The services sector in New Zealand remained in expansion for the first month of 2026, according to the BNZ – BusinessNZ Performance of Services Index (PSI).
The PSI for January was 50.9 (A PSI reading above 50.0 indicates that the service sector is generally expanding; below 50.0 that it is declining). This was 0.8 points lower than December and below the average of 52.8 over the history of the survey.
BusinessNZ’s CEO, Katherine Rich said that despite the January result showing a lower level of activity than December, at least the sector remains on the right side of the ledger after such a lengthy period of contraction. Two of the five sub-index values were in expansion for January, with Activity/Sales (54.2) leading the way, followed by New Orders/Business (51.8). Stocks/Inventories (49.7) fell back into contraction, while Employment (49.1) dropped further compared to December.
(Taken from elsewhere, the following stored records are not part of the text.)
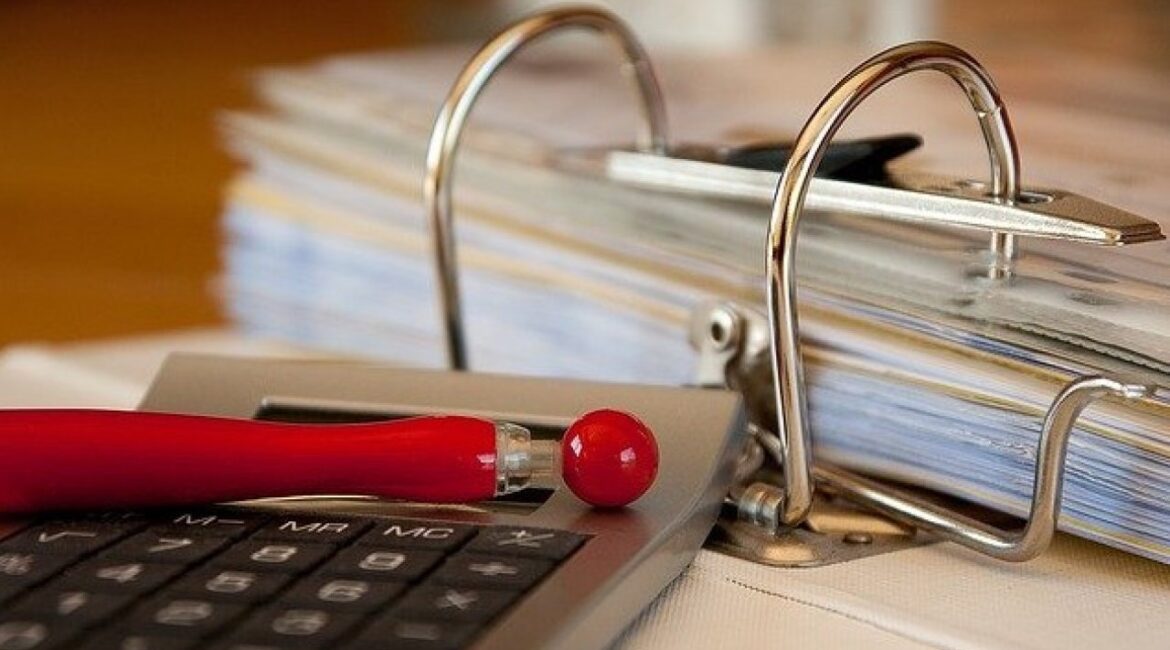 Ученый: Экономика движется очень медленно, и никаких изменений в тенденции не ожидается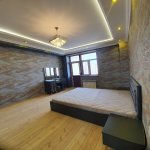 Аренда 3 комнатная Новостройка, Наримановский р-н район 7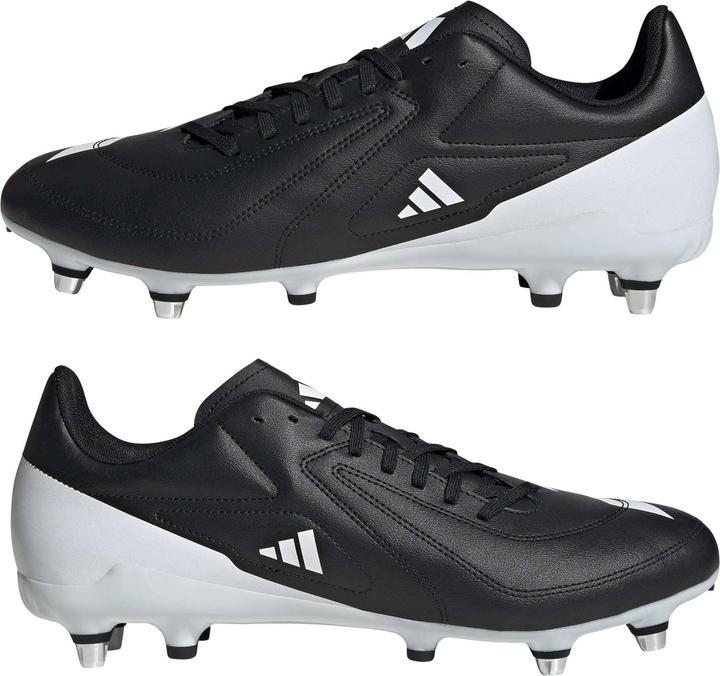 Immagine prodotto Adidas RS-15 SG (46)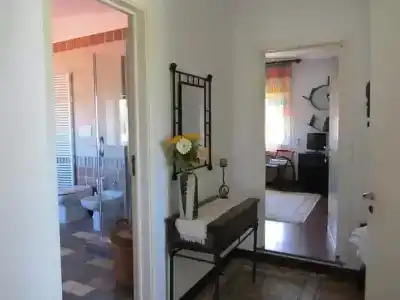 Sole e Sale b&b - 3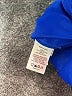 1.State 100% Polyester Blue Cocktail Dress Size XS - photo 8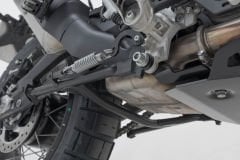 Orta Sehpa Ducati Desertx (22-)   Hps.22.995.10000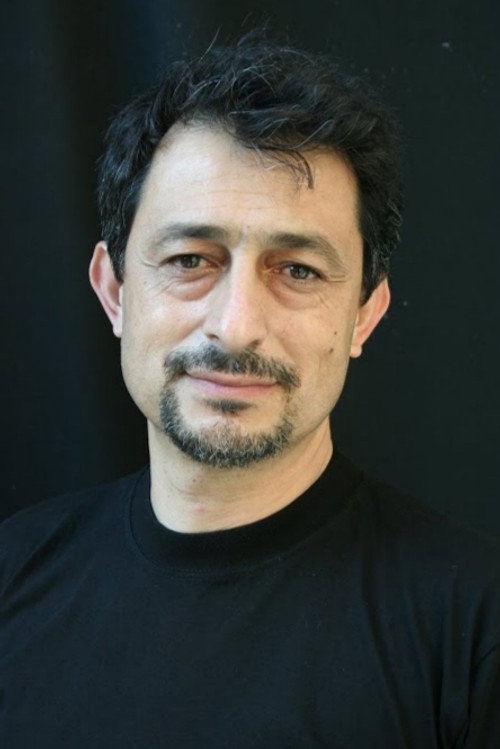 Cihangir Turantaş profil fotoğrafı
The proportion of negative comments for January was 58.7%, which was up from December (50.4%) and November (52.9%). Negative comments received showed the services sector still reporting low confidence, with Christmas–New Year holidays and seasonal shutdowns leading to fewer enquiries and a prolonged post-holiday slowdown. These effects were compounded by high living and operating costs.
BNZ’s Senior Economist Doug Steel said that “the big question to end 2025 was whether the economy may be turning. Data since then has given us confidence that recent positive momentum can be sustained. The economy is growing”.